┏━━
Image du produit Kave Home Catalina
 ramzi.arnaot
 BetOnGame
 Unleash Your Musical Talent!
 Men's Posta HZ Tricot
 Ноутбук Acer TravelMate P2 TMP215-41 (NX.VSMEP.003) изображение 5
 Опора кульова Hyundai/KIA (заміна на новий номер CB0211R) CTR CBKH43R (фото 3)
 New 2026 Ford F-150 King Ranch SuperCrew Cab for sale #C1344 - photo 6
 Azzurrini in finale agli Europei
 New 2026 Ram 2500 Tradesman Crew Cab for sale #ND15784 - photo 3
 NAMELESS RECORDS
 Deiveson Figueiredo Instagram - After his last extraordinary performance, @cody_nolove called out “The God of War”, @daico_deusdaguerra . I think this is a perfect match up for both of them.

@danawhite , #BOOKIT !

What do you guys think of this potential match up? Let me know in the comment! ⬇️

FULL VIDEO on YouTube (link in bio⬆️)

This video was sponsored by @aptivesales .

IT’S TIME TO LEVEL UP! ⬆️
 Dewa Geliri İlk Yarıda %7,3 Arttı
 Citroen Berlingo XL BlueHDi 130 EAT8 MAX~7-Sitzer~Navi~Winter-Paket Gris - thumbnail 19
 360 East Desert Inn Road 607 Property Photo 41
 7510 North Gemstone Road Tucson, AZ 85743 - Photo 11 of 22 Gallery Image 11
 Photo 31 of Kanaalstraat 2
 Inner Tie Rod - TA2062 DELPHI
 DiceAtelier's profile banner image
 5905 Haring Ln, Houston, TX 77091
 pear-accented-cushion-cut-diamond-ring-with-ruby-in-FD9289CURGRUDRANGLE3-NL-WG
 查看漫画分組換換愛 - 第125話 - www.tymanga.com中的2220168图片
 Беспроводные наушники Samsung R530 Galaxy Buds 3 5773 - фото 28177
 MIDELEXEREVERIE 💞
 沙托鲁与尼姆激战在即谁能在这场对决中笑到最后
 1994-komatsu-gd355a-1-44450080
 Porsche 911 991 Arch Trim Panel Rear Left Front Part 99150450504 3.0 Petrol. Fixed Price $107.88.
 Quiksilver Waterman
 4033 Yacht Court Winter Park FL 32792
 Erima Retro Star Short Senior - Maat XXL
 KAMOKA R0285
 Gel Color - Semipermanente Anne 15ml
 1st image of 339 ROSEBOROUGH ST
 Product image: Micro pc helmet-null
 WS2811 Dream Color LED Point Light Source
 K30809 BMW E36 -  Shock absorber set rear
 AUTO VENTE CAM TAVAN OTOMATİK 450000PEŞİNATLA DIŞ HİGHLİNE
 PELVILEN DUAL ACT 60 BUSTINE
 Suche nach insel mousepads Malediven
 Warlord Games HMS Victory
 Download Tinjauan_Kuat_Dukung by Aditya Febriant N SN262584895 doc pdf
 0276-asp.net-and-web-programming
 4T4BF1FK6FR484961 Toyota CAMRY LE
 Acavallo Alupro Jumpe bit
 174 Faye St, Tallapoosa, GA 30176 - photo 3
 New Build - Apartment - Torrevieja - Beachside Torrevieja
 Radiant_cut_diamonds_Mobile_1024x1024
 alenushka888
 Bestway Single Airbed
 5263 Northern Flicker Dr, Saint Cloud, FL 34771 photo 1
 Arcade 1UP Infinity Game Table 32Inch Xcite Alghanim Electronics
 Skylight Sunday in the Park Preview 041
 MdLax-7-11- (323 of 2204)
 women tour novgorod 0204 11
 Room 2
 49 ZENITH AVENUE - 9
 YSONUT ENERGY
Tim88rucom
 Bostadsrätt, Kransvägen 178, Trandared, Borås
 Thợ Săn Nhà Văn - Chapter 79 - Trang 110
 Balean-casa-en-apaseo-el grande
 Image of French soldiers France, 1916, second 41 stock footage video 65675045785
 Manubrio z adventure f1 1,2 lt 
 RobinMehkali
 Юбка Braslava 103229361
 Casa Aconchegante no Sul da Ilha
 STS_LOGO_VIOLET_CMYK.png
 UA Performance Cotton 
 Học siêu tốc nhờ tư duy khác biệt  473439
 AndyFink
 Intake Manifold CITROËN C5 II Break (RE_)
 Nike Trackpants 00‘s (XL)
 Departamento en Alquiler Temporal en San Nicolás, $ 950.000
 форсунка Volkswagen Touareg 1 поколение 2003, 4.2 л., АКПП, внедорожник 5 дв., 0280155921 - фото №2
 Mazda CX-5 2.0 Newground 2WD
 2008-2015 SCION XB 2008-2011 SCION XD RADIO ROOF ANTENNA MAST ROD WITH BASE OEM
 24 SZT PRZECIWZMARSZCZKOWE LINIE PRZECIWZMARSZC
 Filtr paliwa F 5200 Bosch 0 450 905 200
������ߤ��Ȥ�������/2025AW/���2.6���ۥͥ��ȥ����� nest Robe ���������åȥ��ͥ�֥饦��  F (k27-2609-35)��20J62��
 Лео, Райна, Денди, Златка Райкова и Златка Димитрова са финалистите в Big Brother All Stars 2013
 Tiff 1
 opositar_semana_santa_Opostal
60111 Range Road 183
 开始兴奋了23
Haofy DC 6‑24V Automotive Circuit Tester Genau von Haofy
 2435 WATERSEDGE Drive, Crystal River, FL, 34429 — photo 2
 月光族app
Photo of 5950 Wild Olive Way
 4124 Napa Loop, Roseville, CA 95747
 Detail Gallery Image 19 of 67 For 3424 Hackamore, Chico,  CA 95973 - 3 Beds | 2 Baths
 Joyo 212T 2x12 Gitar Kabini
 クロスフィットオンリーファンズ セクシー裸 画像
┗━━
**Exercise aim:**
Check each line of the data for "Gallery". Copy the lines where it turns up.

**The answer:**
 7510 North Gemstone Road Tucson, AZ 85743 - Photo 11 of 22 Gallery Image 11
 Detail Gallery Image 19 of 67 For 3424 Hackamore, Chico,  CA 95973 - 3 Beds | 2 Baths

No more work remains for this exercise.